Sales rose to almost 39 billion euros ($53.3 billion) in 2010, Renault said in a statement Monday.
Analysts predicted 38.1 billion euros in revenue, according to the average of 10 estimates. Net income will include a 2 billion-euro capital gain from the sale of a stake in truckmaker Volvo AB. The company plans to announce detailed earnings Feb. 10.
Renault's second-half cash-flow outperformance is worth about 1 euro per share “by sheer virtue of net debt reduction,” London-based Credit Suisse analyst David Arnold said in an e-mailed note.
The company's operating margin was still only 1.6 percent in the period, based on the estimates published today, Arnold said, reinforcing the bank's preference for “premium over mass” automakers.

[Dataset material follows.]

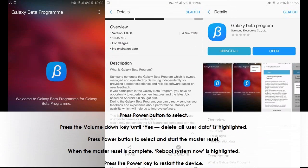Press the Power button to select. Press the Volume Down key until 'yes, delete all user data' is highlighted. Press the Power button to select and start the Master Reset. When the Master Reset is complete, 'Reboot System Now' is highlighted. Press the Power key to restart the device.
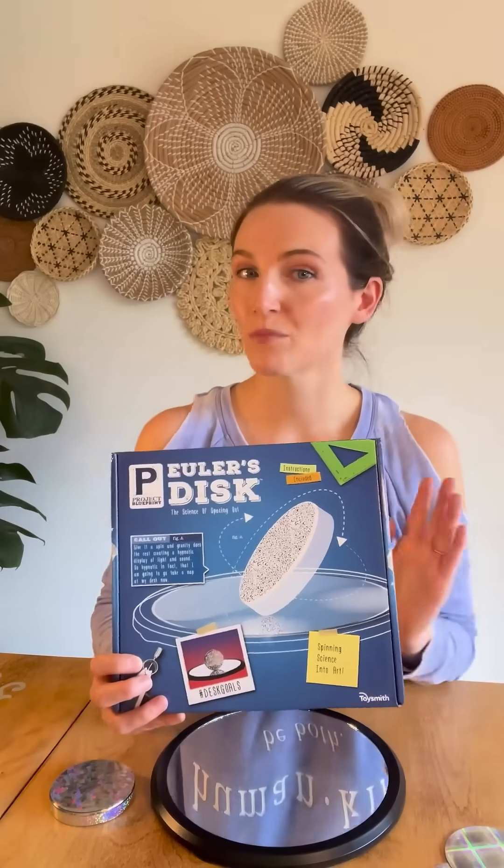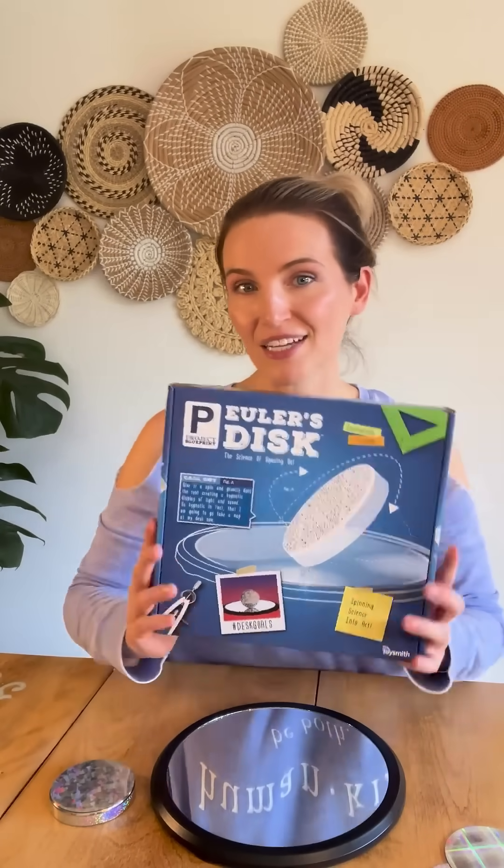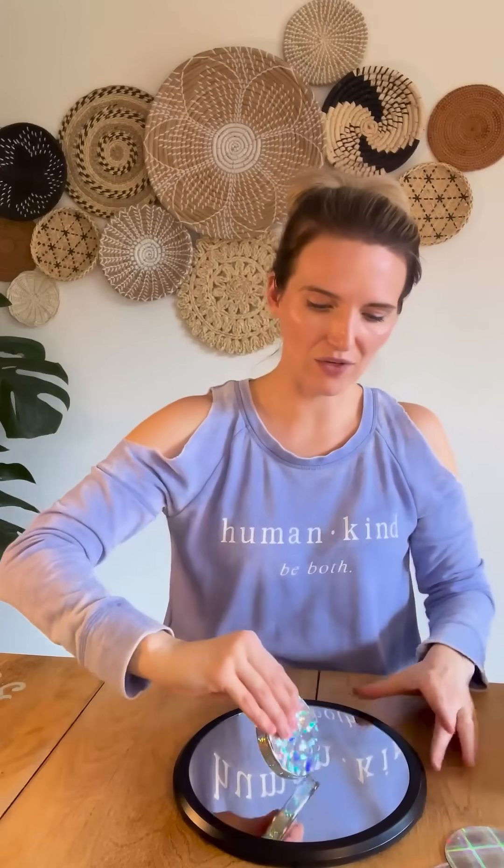My oldest is 12 and every year it seems like it's harder and harder to shop for, but he loves science and he also loves decorating his room with really unique things. So I got him this Euler's disc. I had never heard of them — I happened upon them when I was just looking for science-y things. It's like this mirror-type plate that sits down and this really heavy magnet, and all you do is keep that angle and give it a spin and it goes and goes and goes.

Renault boosted global sales 14 percent last year to a record 2.63 million cars and light trucks, it said Jan. 10, as emerging markets rebounded and government subsidies spurred European demand.
Revenue from the final quarter helped Renault increase full-year operating free cash flow from automaking to 1.67 billion euros, more than double a target for 700 million euros, the company said.
“The group has largely exceeded its annual free cash flow objective and reduced net automotive debt to 1.4 billion euros," Chief Executive Officer Carlos Ghosn said in the statement.
The CEO said this month that Renault was the victim of an ‘‘organized, international ring'' that may have passed data on vehicle architecture and costs to foreign competitors. It suspended and then dismissed three executives.